I have some time to do some buffer articles so it’s time to return to the Watchmen. Last time was a series of flashbacks of characters remembering their experiences with The Comedian. This is a guy who almost raped a woman, killed his Vietnamese baby momma (yes, she tried to cut his face–not a flare apparently, though that’s what it looked like to me at the time–but he was going to leave her when the Vietnam War ended), enjoyed the violence, had a strange idea to what the “joke” was about life, and it doesn’t seem like anybody liked him except Rorschach, who only saw his fighting bad guys and ignored what a bad guy he was.
Remember, Alan Moore considers Rorschach the baddie in this series even though he’s not the killer and believes in fighting the criminals. Others take the view that he’s not the one who killed the population of New York with a giant squid monster (or getting Doctor Manhattan to do it in the movie somehow) while Rorschach wants to fight villains. We have already seen that the world is not in the best of shape with the heroes in retirement. Unintentionally the world seemed brighter in the early days of the Minutemen. The colors were brighter, the sun seemed to be shining, and while the world got darker and colors more muted as we get closer to the story’s present day, it almost looks worse AFTER the heroes are legally banned.
Also, the story is already suffering the same mistake as The Incredibles in that the heroes gone should be making things easier for the supervillains and yet somehow they all seem to agree to the same law. They’ll kill, steal, and plot to take over the world, but THIS is the law they follow? Admittedly, we don’t see a lot of supervillains, but we have seen one retired villain in the previous issue so we can assume there were more. It doesn’t make sense and thinking about how Brad Bird used a similar law in his movie made me realize this mistake is happening here as well. We’ll have to see if that’s addressed as the next installment begins.
Watchmen #3
DC Comics (November, 1986)
“The Judge Of All The Earth”
WRITER: Alan Moore
ARTIST/LETTERER: Dave Gibbons
COLORIST: John Higgins
EDITOR: Len Wein
Okay, those of you who actually read this story (the movie doesn’t count, and maybe not the motion comic either–I’m talking to actual readers). Does Tales From The Black Freighter really matter? One early research source seemed to indicate that it wasn’t in the story despite years of hearing it was. Well, we start this story off with some kid trying to ignore a rambling newsstand owner while reading a comic clearly not for his age group (I can’t speak to the actual DC comic it’s based on). Apparently it’s also not a real comic, just one that exists in the Watchmen universe before Moore believed that in a superhero world nobody wanted to read about superheroes. Explain war comics and police comics then. Not that it matters because context is lost on me. Apparently this is being used to speak on the story but all we have is some dude on an island talking about his ships woman-like masthead. We don’t even see all of the panels in this sequence, as we keep looking back at the newsstand owner. And the pages keep coming up during the story as the kid keeps coming back to read the same comic over and over. He doesn’t even look like a kid that would be into this kind of pirate comic, superheroes or not.

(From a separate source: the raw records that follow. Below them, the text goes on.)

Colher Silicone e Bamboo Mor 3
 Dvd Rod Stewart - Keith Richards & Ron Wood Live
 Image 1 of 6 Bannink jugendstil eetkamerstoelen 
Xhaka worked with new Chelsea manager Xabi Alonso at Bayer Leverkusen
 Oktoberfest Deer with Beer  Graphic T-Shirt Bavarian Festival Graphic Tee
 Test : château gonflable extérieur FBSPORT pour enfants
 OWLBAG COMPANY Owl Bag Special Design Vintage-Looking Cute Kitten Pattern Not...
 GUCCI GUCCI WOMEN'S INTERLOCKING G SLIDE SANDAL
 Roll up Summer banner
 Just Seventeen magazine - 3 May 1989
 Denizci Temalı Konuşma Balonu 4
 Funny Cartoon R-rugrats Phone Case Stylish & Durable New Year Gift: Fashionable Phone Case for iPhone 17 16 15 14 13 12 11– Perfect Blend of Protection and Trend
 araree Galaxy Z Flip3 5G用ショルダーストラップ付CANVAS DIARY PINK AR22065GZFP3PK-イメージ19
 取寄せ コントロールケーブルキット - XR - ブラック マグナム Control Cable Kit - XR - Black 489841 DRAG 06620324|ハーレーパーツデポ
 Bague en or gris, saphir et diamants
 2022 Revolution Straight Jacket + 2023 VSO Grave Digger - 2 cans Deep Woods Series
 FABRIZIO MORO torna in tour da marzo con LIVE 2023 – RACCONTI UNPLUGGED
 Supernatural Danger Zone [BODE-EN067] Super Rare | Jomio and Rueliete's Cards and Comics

The man only stops his rambling when a guy with a “the end is nigh” sign, something else that pops up in the story and was the subtitle for a tie-in game to the movie adaptation. He’s convinced the world will end today, but asks the newsstand owner to save his paper for tomorrow. Okay. Symbolism is not always my strong suit. I can tell it exists at times but not always what it’s pointing to. The Black Freighter story of all his dead men around him washed up him on the island, the guy who wants his paper saved for tomorrow after the world ends, the fact that “Institute For Extraspacial Studies” is on the wall inside the stand (that could be foreshadowing–remember that I review as I read for these deeper dives unlike the daily comic reviews, only tossing stuff in earlier paragraphs as I feel it fits better), and the building in the background being labeled a fallout shelter by a man in a hazmat suit. I know they’re there but not what they mean. Perhaps that will be revealed as it goes on but all I have is a comic with no context, an idiot, a newspaper seller yelling that they should nuke the Ruskies and call it a day, and a paranoid with bad science knowledge. Bet he’d try to duck and cover when the bombs dropped, but by the 1980s we knew in our world that wouldn’t work.
Sure, I could look it up. There’s a section of the fan wiki pages on these issues going over it. However, I shouldn’t have to. If I don’t get the symbolism while reading it, it feels pointless to me. I’m against highbrow stuff but be prepared to see it not work for everyone. Maybe in a second read I could pick up on more of it without a wiki. Each book so far has done that annoying thing of adding a quote from something that makes it sound so sophisticated, but seeing how many bad writers use it in place of actually making a point because they didn’t understand why it worked, I’m kind of numb to the whole thing, even under a good writer like Moore (whatever I may think about his content personally). I shouldn’t have to do research to enjoy a story and I’m not going to remember everything I learned in school as a kid, and that’s considering I had the teacher who covered that stuff. Every teacher, even good ones, have their own perspectives about the minutia of history.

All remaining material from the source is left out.